Try it:
The answer is to be the lines below that lie between the line holding "Luna Wings-of-Love, an" and the line holding "Decino Opaline Crimino", inclusive, transcribed exactly and free of pictures.

Provided entries:
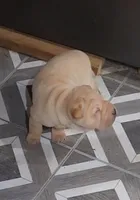 Cookie, a female Miniature Shar-Pei for sale in Hagerstown, IN – Photo 4 of 5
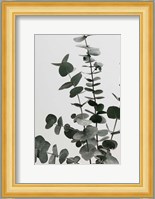 Eucalyptus Natural 7 Fine Art Print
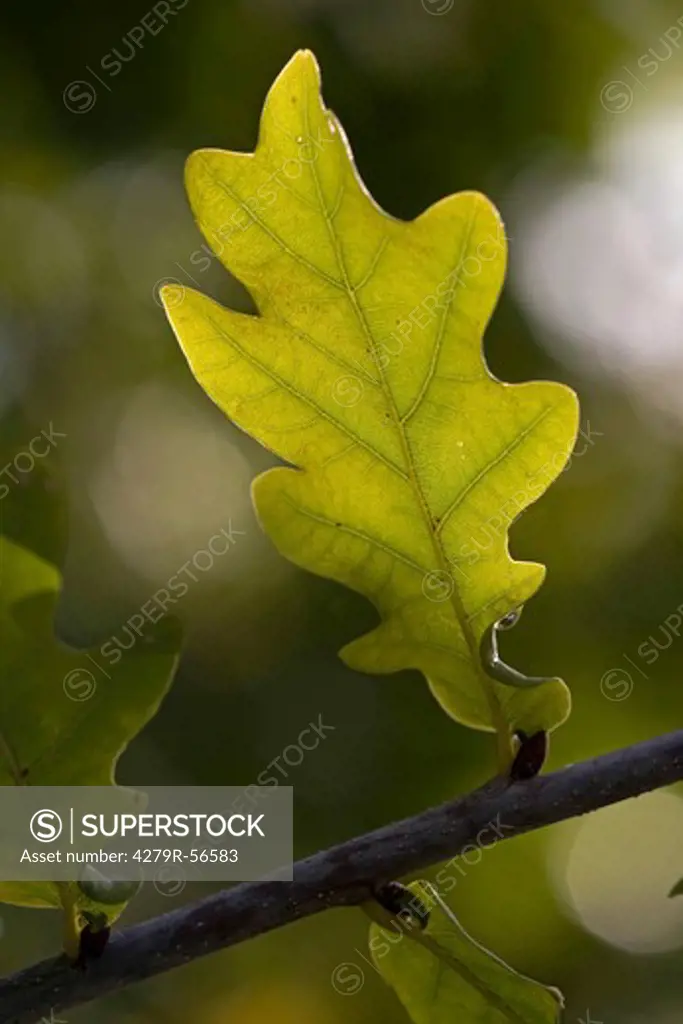 pedunculate oak - leaf , Quercus robur
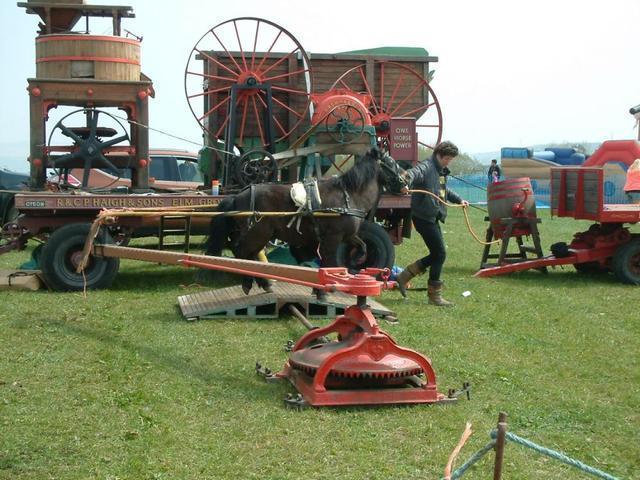 2016-05-07 11.54.32.jpg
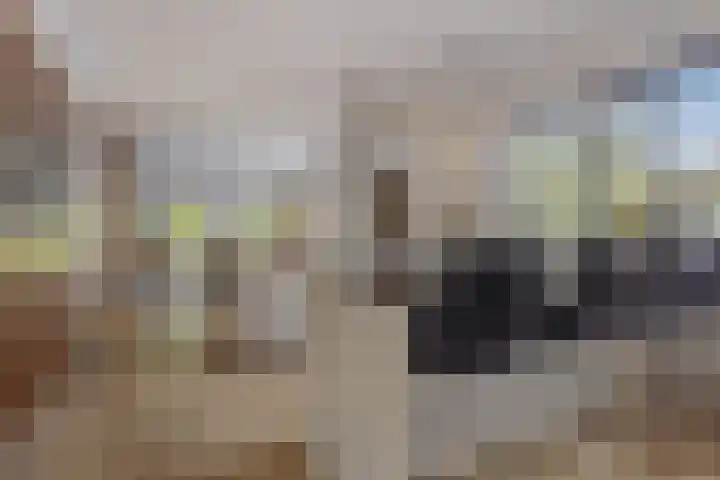 Strijpsebaan 2 Veldhoven thumbnail 4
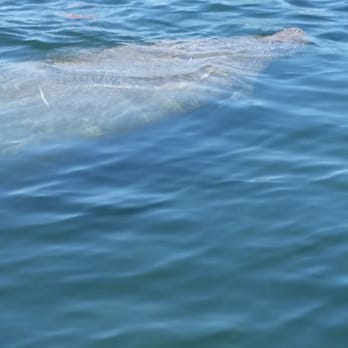 Aquavision Manatee Tours - Manatee needed a breath, they are so friendly - Tours Near Me - Crystal River, Florida Aquavision Manatee Tours - Manatee needed a breath, they are so friendly - Tours Near Me - Crystal River, Florida
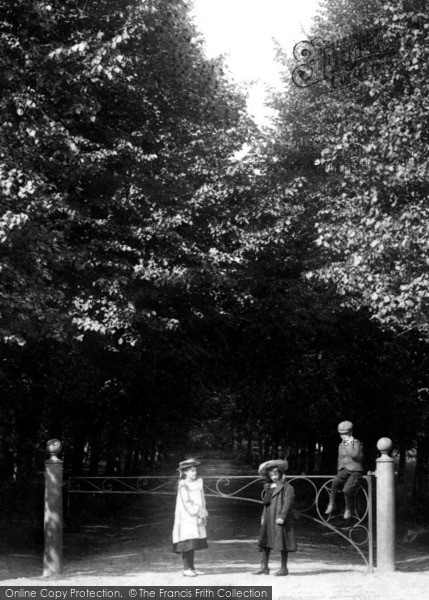 Photo of Dorking, Children At Deepdene Avenue 1906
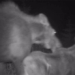 bear and attack mother and daughter deer sung tam cung luc 129760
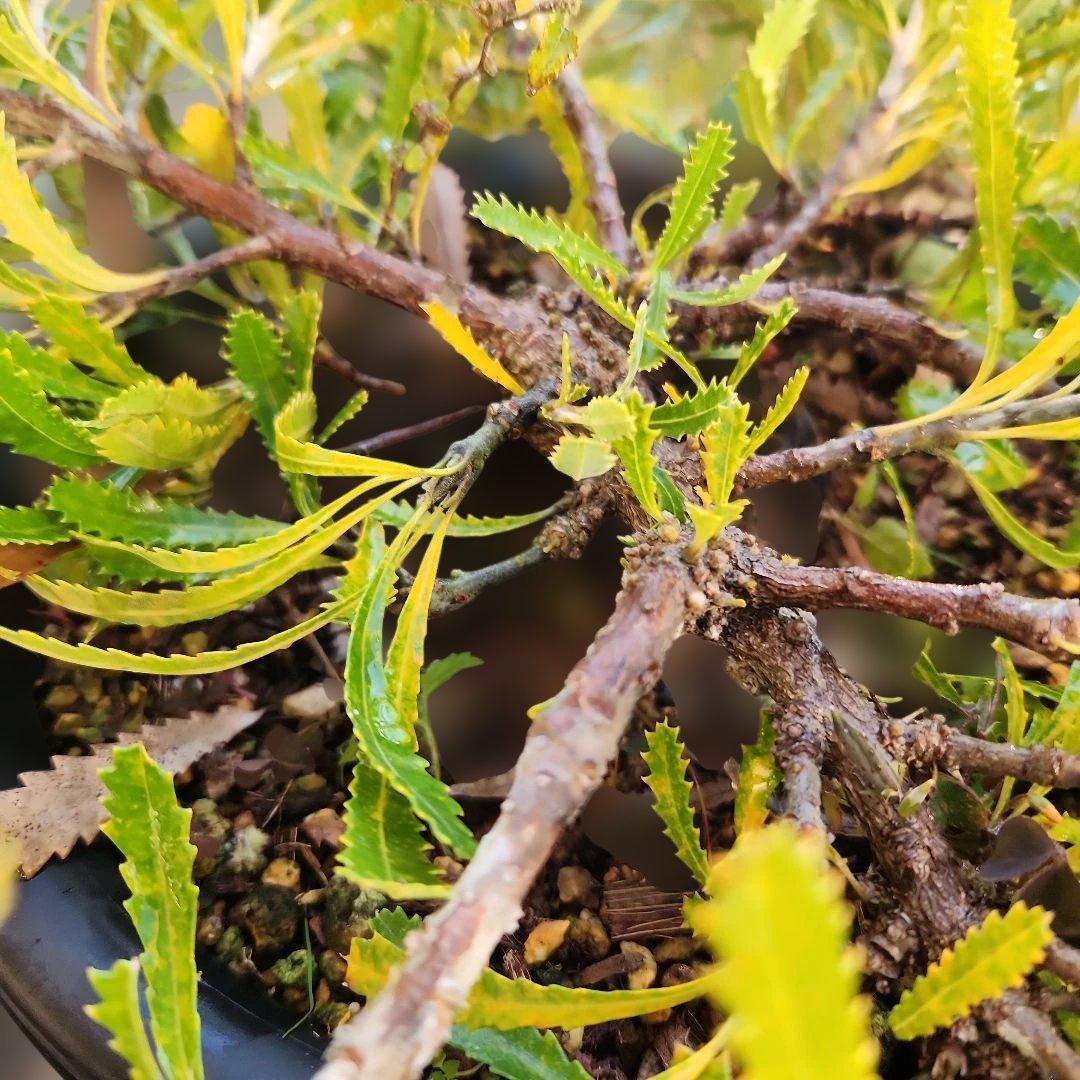 オージープランツ　バンクシア・ピグミーポッサム8号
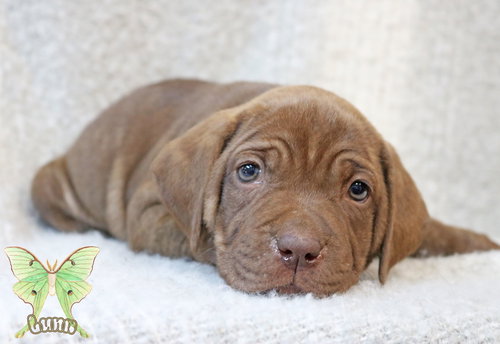 Luna Wings-of-Love, an adoptable Hound in Wakefield, RI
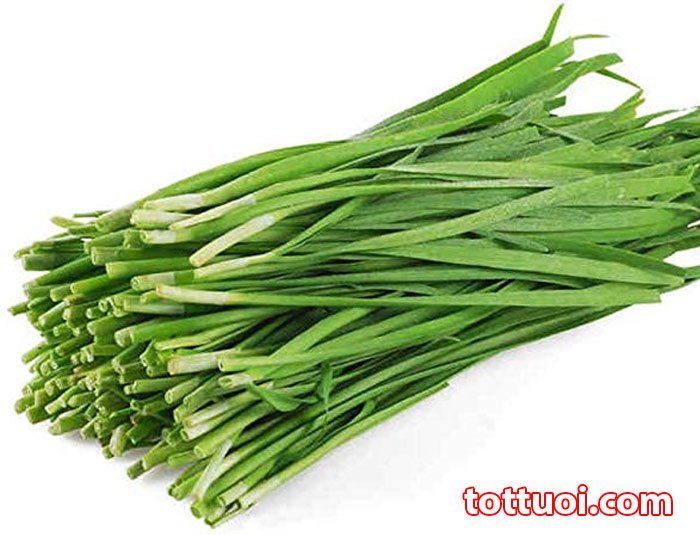 [Rẻ vô địch] [Ảnh thật] Hạt Giống Cây Hẹ - Hạt giống rau thơm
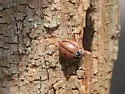 Hudsonian Lady Beetle - photo 5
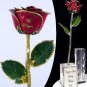 The Spiritual Rose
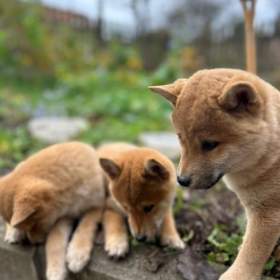 Fotka k inzerátu Krásná štěňata Shiba Inu! !  / 19658689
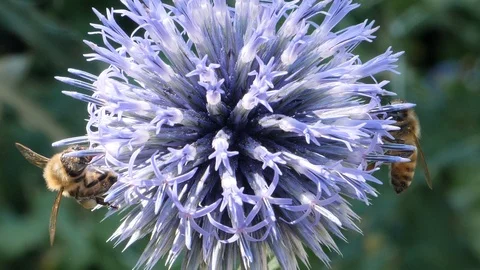 Macro- two bees on thistle flower 4K Stock Footage 93469545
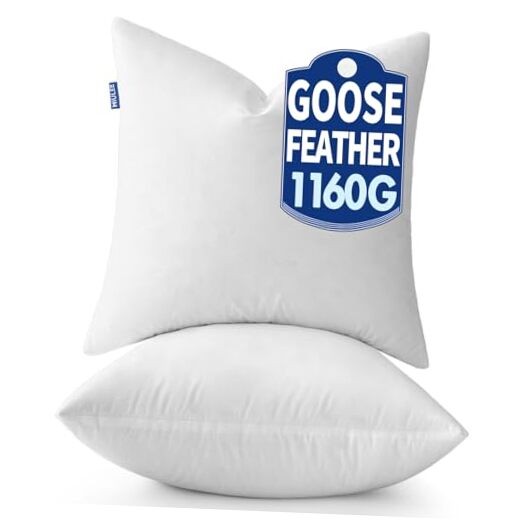 xGoose Feather Down Pillows with 100% Cotton Cover, Set of Soft 22x22 Inch 2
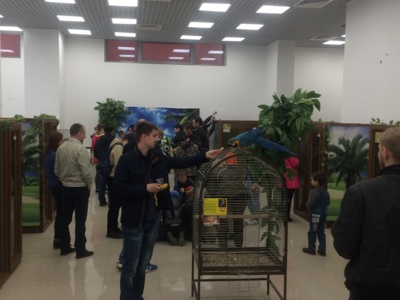 ​​В Белгород впервые приедет контактный зоопарк «Планета обезьян»*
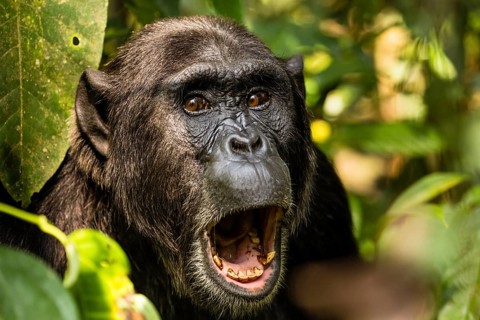 Common chimpanzee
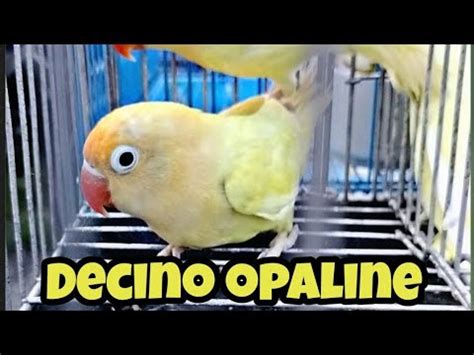 Decino Opaline Crimino Opa Lutino Opaline Lutino YouTube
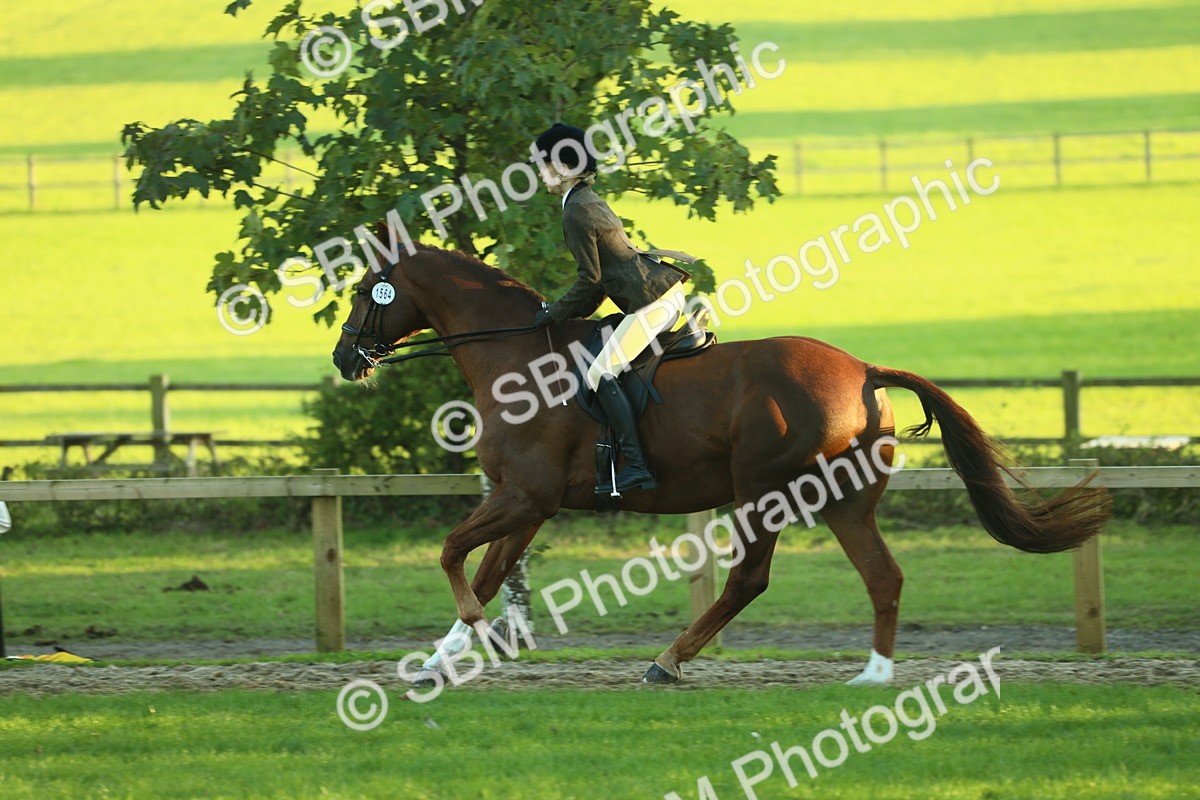 SBM_56464 - S14 - Riding Club Horse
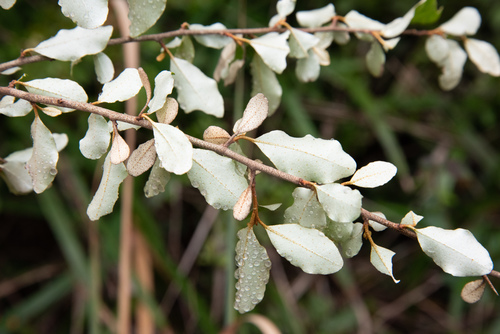 Elaeagnus oldhamii
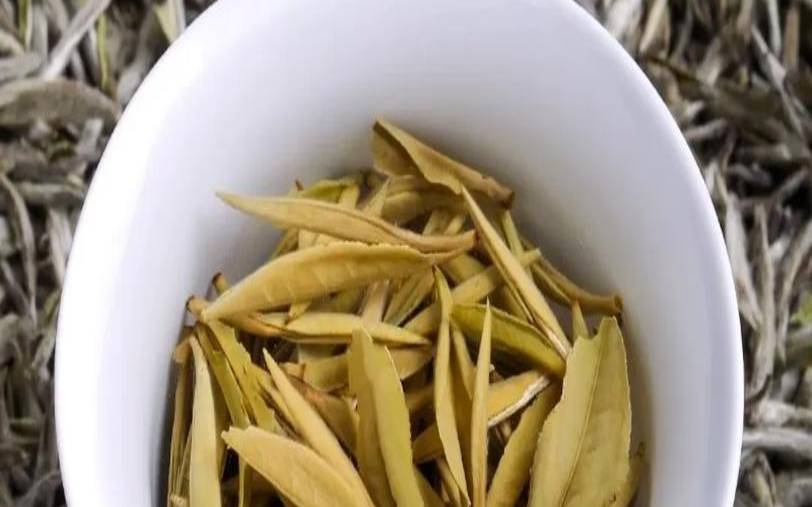 白牡丹茶叶怎么保存,白牡丹能放几年 白牡丹茶叶怎么保存,白牡丹能放几年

Exercise answer:
 Luna Wings-of-Love, an adoptable Hound in Wakefield, RI
 [Rẻ vô địch] [Ảnh thật] Hạt Giống Cây Hẹ - Hạt giống rau thơm
 Hudsonian Lady Beetle - photo 5
 The Spiritual Rose
 Fotka k inzerátu Krásná štěňata Shiba Inu! !  / 19658689
 Macro- two bees on thistle flower 4K Stock Footage 93469545
 xGoose Feather Down Pillows with 100% Cotton Cover, Set of Soft 22x22 Inch 2
 ​​В Белгород впервые приедет контактный зоопарк «Планета обезьян»*
 Common chimpanzee
 Decino Opaline Crimino Opa Lutino Opaline Lutino YouTube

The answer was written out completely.